In this city, and all over the country, the virus rebounds. The authorities assure that the infections are impossible to monitor afterwards abrupt abandonment of the massive tests, travel restrictions and confinements enforced since the start of the pandemic.
The social protests put in the closet days agoor the policy known as Covid-Zero which Beijing has enforced to the letter since the start of the pandemic, confining millions of people every time it detected a handful of cases. The problem is that this policy has not been accompanied by mass vaccination. And now cases are rising dramatically with no contingency plan.
The head of the World Health Organization, Tedros Adhanom Ghebreyesus, said Wednesday that the agency was “very concerned” about the increase in reports of serious cases of the coronavirus across China, warning that its low vaccination rates could cause a large number of infections among vulnerable people.
And he added that the United Nations agency requires more information on the severity of COVID-19 in China, especially regarding admissions to hospitals and intensive care units “in order to conduct a comprehensive risk assessment of the situation”.
But China has always been short on information, even if it denies it. And despite the fact that its hospitals appear to be filling up with infected vulnerable people, the Beijing regime has not yet reported a single death from the coronavirus since Tuesday, when he decided change the way of counting the dead.
China also does not accept being blamed for not providing information. The Chinese Foreign Ministry assured on Thursday that it has always “provided information in an open, timely and transparent manner”.
What variants are they?
More than 130 subvariants of the omicron variant have been detected in China in the past three months.
According to the director of the National Institute for Viral Disease Control and Prevention, Xu Wenbo, the subvariants BA.5.2 and BF.7 they continue to be the most common infections detected in the country.

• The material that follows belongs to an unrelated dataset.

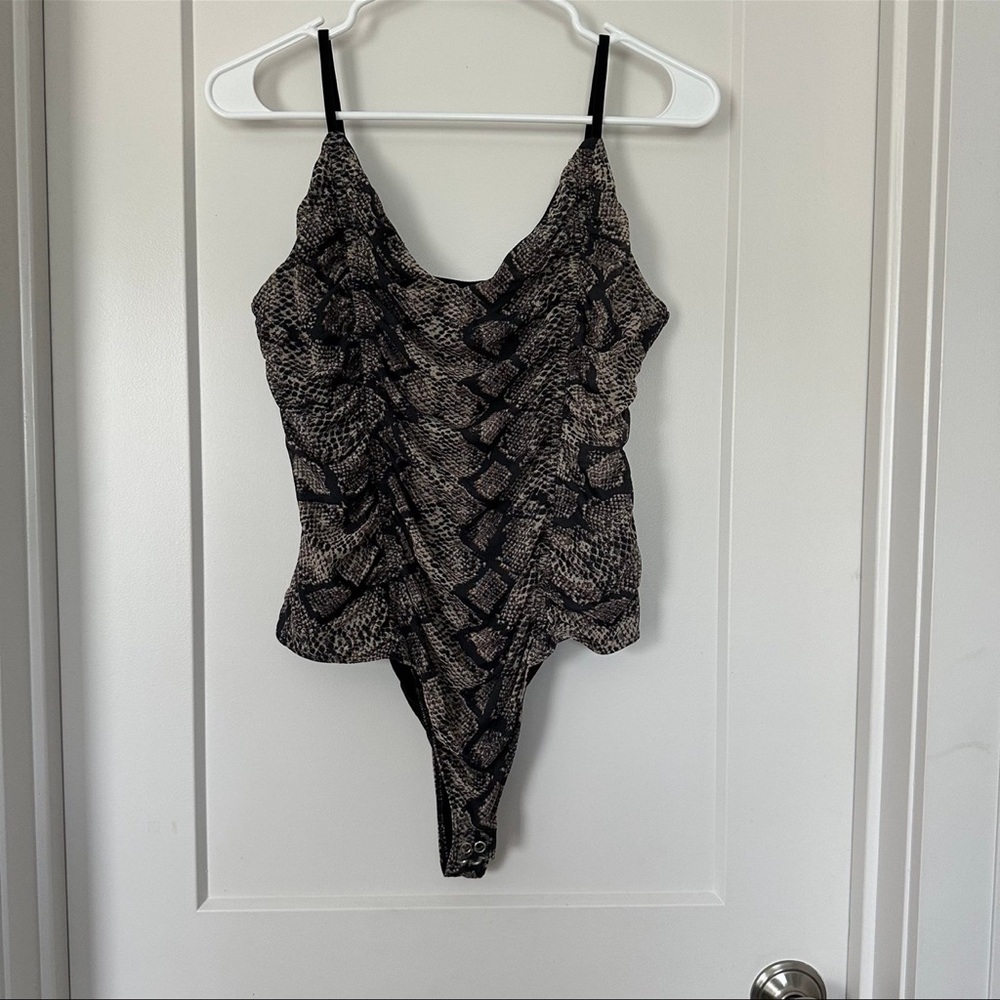 G by Guess Snake Print V-Neck Bodysuit in Black and Taupe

However, the circulation of subvariants such as the BQ.1 and XBB -dominant in the United States and some European countries-, so Xu predicted a coexistence situation between variants.
“Most are elderly”
At Chongqing First Affiliated University Hospital, a paramedic confirms that the elderly man on the ventilator has covid. They receive you every daya dozen people, of which 80-90% are infected with this virus.
“Most are elderly”, he says during his shift this Thursday. “Many of the hospital workers are also positive, but we have no choice but to continue working,” she adds.
The older patient waited half an hour to be seen. In an adjoining room, the AFP team saw six other patients in bed, surrounded by doctors and concerned relatives.
They were also mostly elderly and, according to one doctor, “basically” covid patients.
Five are connected to fans and with obvious breathing difficulties.
Millions of elderly people in China are not fully vaccinated, which accentuates the fear of massive death in this group from the virus.
However, under new government instructions, many will not be counted as casualties of the pandemic.
Did he die of covid or not?
First, people who they died infected they were counted as deaths from covid. Now, only the ones they die for respiratory failure as a direct result of the infection.
“Older people have other pre-existing conditions, only a very small number die directly from respiratory failure caused by covid,” a health official said this week.
in chongqing, hospital staff can’t handle it moving elderly patients to different floors of the centre, dodging relatives and other anxious visitors.
A plant doctor confirms that a significant proportion of the beds are occupied by covid patients, but declined to give more details.
AFP extension could not log in in the critically ill respiratory ward.
Queues at the crematorium
In a huge crematorium on the rural outskirts of the city, a long line of vehicles I was hoping it was Thursday afternoon so I could park inside the funeral complex.
Dozens of relatives gathered in groups, some bearing wooden urnsbetween the roar of funeral gongs and the smell of incense.
Inside, families watch as the remains of their loved ones are cremated and carefully placed in metal urns.
Four families said their relatives They didn’t die of covid, but of previous illnesses. But a middle-aged man explained that an elderly relative had died after testing positive for the virus.
“I was constantly busy,” says a funeral home driver. “We work more than ten hours a day with very few breaks,” he adds.
“Recently, the number of cremations It was very high,” says an employee of another crematorium in the city. “You can’t put the bodies in refrigerators, they have to be cremated the same day.”
Far from hospitals and funeral complexes, Chongqing has returned to a certain normality, with pedestrians and traffic starting to collapse some streets.
A taxi driver surnamed Yang says many people have already been infected, including himself, his entire family and most of his friends.
“We had no choice but to do it treat ourselves home,” he says.
In his view, China “should have reopened a long time ago”. “Covid is nothing special. Most people just take it and move on.”
Laurie Chien, AFP
ap
Source: Clarin
Mark Jones is a world traveler and journalist for News Rebeat. With a curious mind and a love of adventure, Mark brings a unique perspective to the latest global events and provides in-depth and thought-provoking coverage of the world at large.